My View: Give a child a book and open the door to a great future

By Courtney B. Vance, Special to CNN

Editor’s note: As a youth, actor Courtney B. Vance attended the Boys & Girls Clubs in his native Detroit. With a passion for reading and an advocate for improved literacy among youth, Vance supports the organization’s Bright Spot for Reading initiative, which focuses on developing a positive attitude toward reading among young people.

The list of the hottest kids’ toys for the 2011 holiday season is out, and it’s notable for what it doesn’t include. There are dolls and cars, games and action figures, but there’s not a single book. This isn’t just a sad commentary on holiday gifting; it’s a sign that our next generation is going to lack skills vital to success.

Dr. Seuss’ “How the Grinch Stole Christmas,” the Harry Potter series, C.S. Lewis’ Narnia writings and Dickens’ classic “A Christmas Carol” are some of the top book gifts for the season according to Amazon, but I expect book purchases will be but a fraction of what’s spent on electronics and toys, most of which will be forgotten by January.

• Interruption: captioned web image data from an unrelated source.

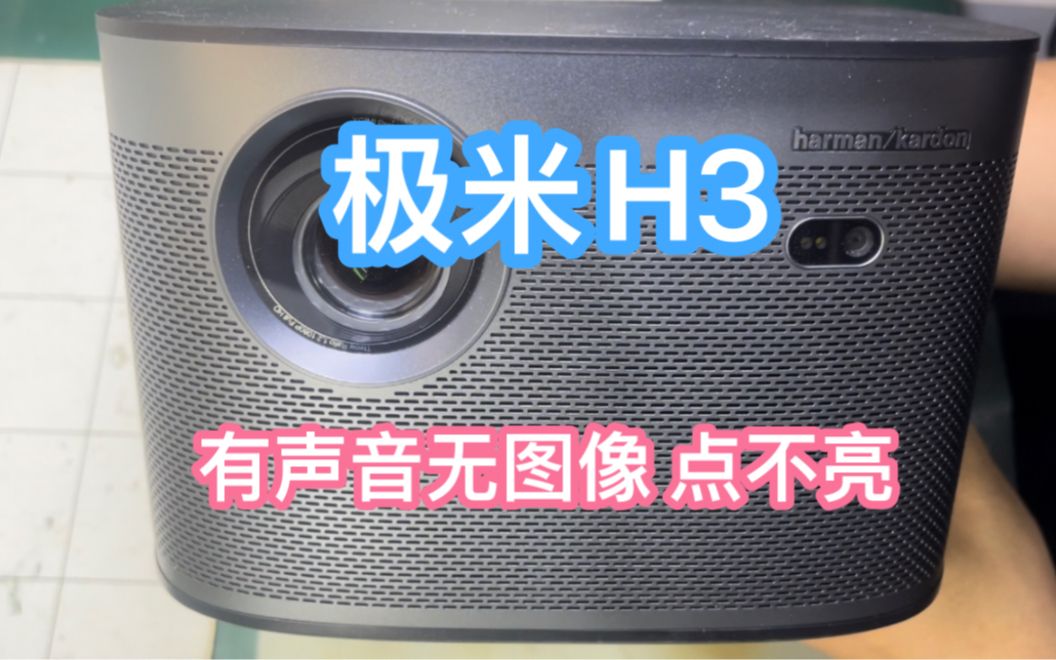 极米H3 开机有声音无图像 光机点不亮 看看是啥问题!哔哩哔哩bilibili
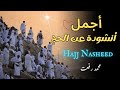 أروع أنشودة عن الحج نادي عليا لن تتمالك دموعك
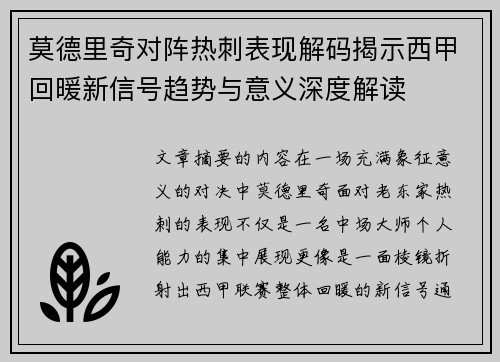 莫德里奇对阵热刺表现解码揭示西甲回暖新信号趋势与意义深度解读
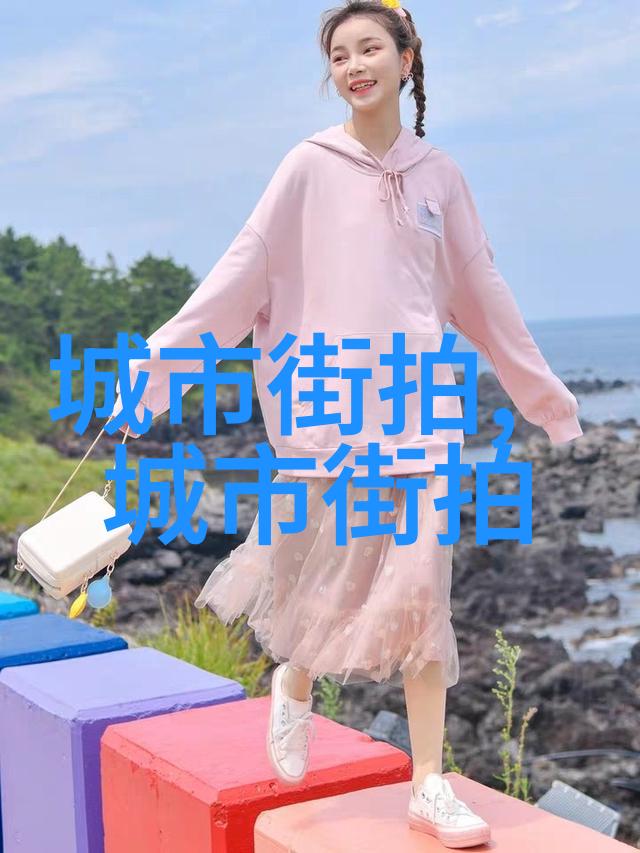 2021年主打色如同夏日阳光般明媚穿搭技巧则是轻盈如风衣在人群中飘逸自如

I read recently (pun intended) that September was “Read a New Book” month. May was “Get Caught Reading Month.” March was “Read Across America Day.” So with all these opportunities to teach kids the importance and value of reading, why aren’t we seeing more improvement in our children’s reading skills?

According to the 2011 Reading Report Card, only 34% of fourth-graders are reading at or above “proficient.” By the eighth grade, the reading proficiency rate remains at just 34% for all students. The Report Card noted that fourth-graders who reported reading for fun almost every day scored higher on average, and students who hardly ever read scored lowest.

Actor Courtney B. Vance talks to youth about the importance of reading.

Actor Courtney B. Vance talks to youth about the importance of reading.

As a parent, one of my great joys is reading to my children and seeing them develop their own love of books. When I was growing up, education was important in my family. My mother was a librarian, so we grew up around books. My parents instilled in us the importance of reading and that it would help us get good grades and get us into college.

But I worry that too many American children will never know the joy of reading a new book, because they have never learned to read or been encouraged to read. In fact, less than one-third of 13-year-olds are daily readers.

Reading isn’t a luxury. It’s a necessity. Reading ability doesn’t just translate to success in academics. It can also be the crucial factor that determines whether a child will succeed in life.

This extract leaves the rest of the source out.